Task prompt:
Your task is to retype, exactly, the line containing "Offrir un Bracelet" and every later line through the end of the listing, with pictures omitted.

-- Supplied information follows --

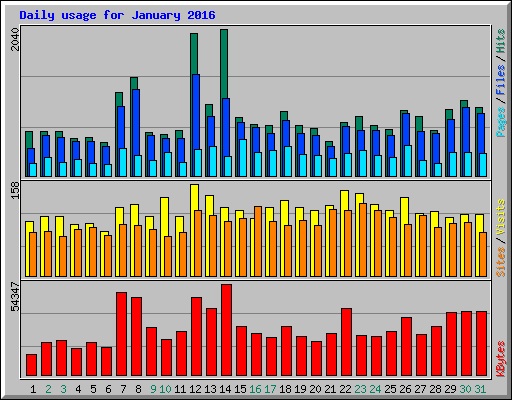 Daily usage for January 2016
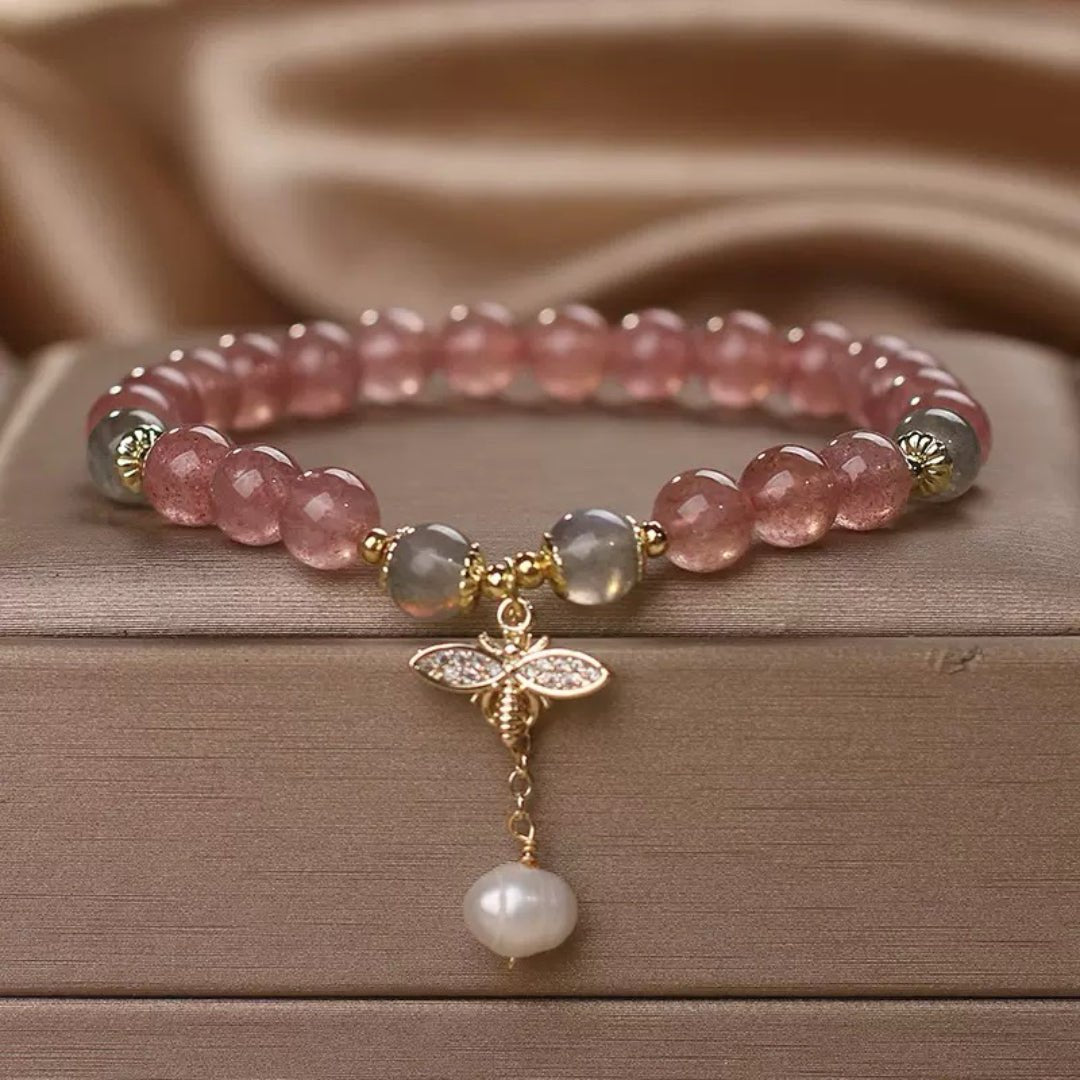 Offrir un Bracelet Quartz Fraise et Labradorite Abeille Poétique - Biloria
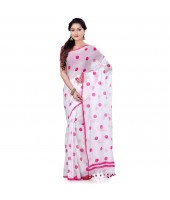 dB DESH BIDESH Women`s Traditional Soft Mulmul Bengal Handloom Pure Cotton Saree Without Blouse Piece (Pink)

-- Supplied information concluded --

Expected answer:
 Offrir un Bracelet Quartz Fraise et Labradorite Abeille Poétique - Biloria
 dB DESH BIDESH Women`s Traditional Soft Mulmul Bengal Handloom Pure Cotton Saree Without Blouse Piece (Pink)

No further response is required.